Martin Wainwright 

Play streamed live from London draws a crowd in Harrogate

National Theatre performance of Phèdre plays to cinema audiences around the country
  
  

Helen Mirren in Phedre at the National Theatre
Helen Mirren in Phedre at the National Theatre. Photograph: Tristram Kenton Photograph: Tristram Kenton

The queue snaked out of the double doors of Harrogate Odeon and into the street last night, but not for Terminator, Transformers or the third Ice Age movie.

Turning their back on Andy Murray's battle with Ernests Gulbis or a sunny evening in the Valley Gardens, Yorkshire punters turned out en masse for Phèdre, the debut of National Theatre Live.

Streamed direct from the South Bank stage to 70 cinemas across the country (and another 200 overseas), the as-it-happens film had sold out in Harrogate before the weekend. Next week's La Traviata from the Royal Opera House is fully booked too and the second National production, All's Well That Ends Well, is going to be upgraded to the cinema's biggest auditorium in October.

"It's been brilliant but quite nerve-wracking," said the cinema manager, David Wilkinson, after a day of setting up digital links and a dish on the roof to take the broadcast from the ageing Thor satellite. Sound quality was a little wavery at the start but the audience flooding out at 9pm was 100% satisfied.

"Captivating, everything I'd hoped for," said Janet Hill, who should have been working a late shift at Harrogate's Turkish baths but got a colleague to cover. "I thought I wasn't going to get in but I was first in the queue for returns and, thank goodness, they found me a seat."

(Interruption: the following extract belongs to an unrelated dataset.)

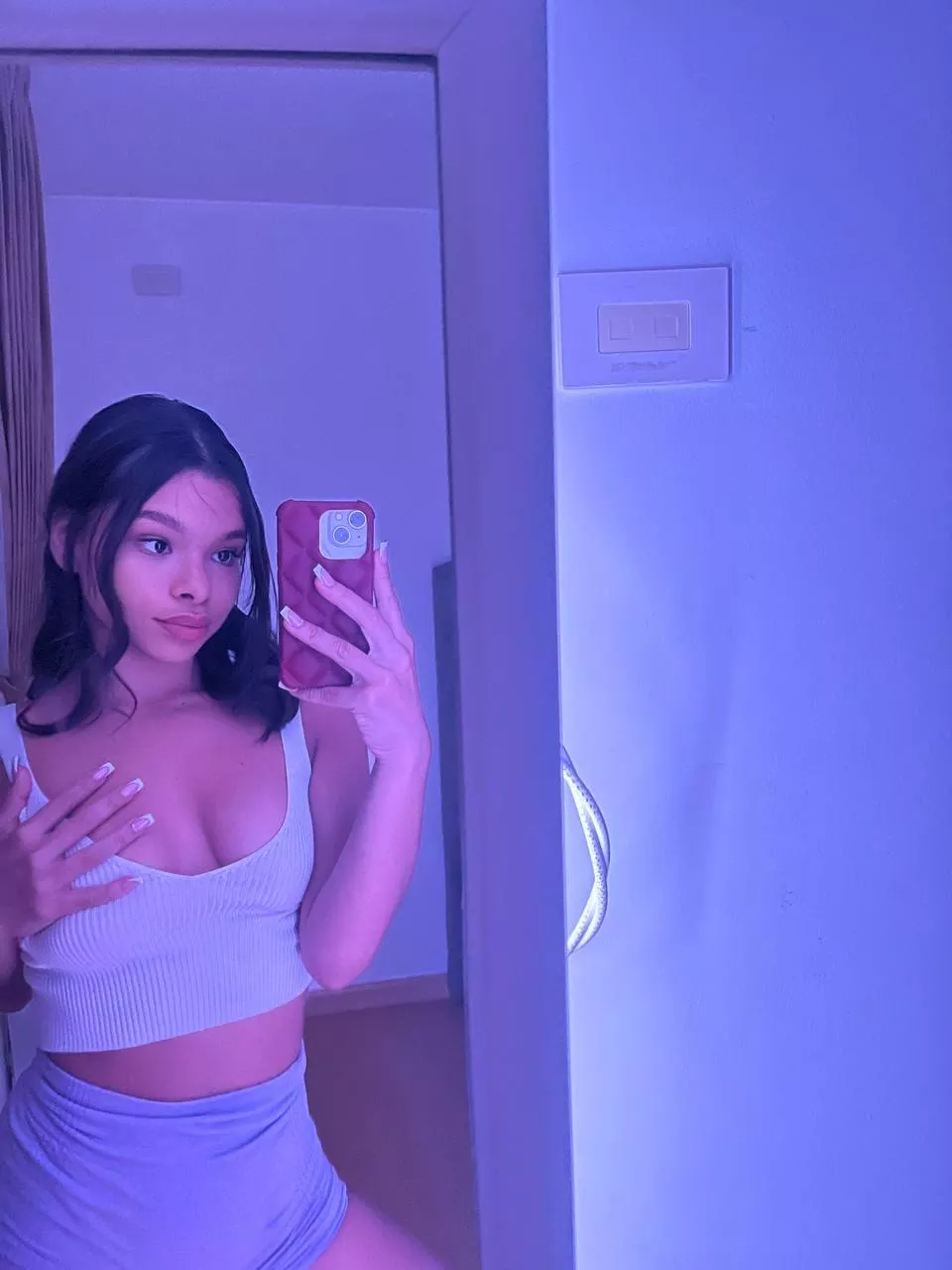 Would you still enjoy a small tits?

Seventeenth-century passions translated from French also went down well with the Miller family, who came to Harrogate after a parallel showing in York sold out even earlier. "Why? Well, it has got Helen Mirren in it, hasn't it," said 18-year-old Jake Miller, with the happy air of someone who has just finished their A-levels.

The tickets, at £10, were dearer than Harrogate's usual £7.30 but way below the rates paid by the audience at the National Theatre in London, whose coughs and rustles were screened out by targeted microphones. You could hear them clapping, though, and the Harrogate audience followed suit "Though we weren't sure whether to," said Jake's father, David, "seeing that we're 220 miles away."

Wilkinson and his staff were delighted with the sell-out at their cinema, which was picked because of Harrogate's cultured audience profile. The only downside, he said, was that it wasn't a very good evening for popcorn sales.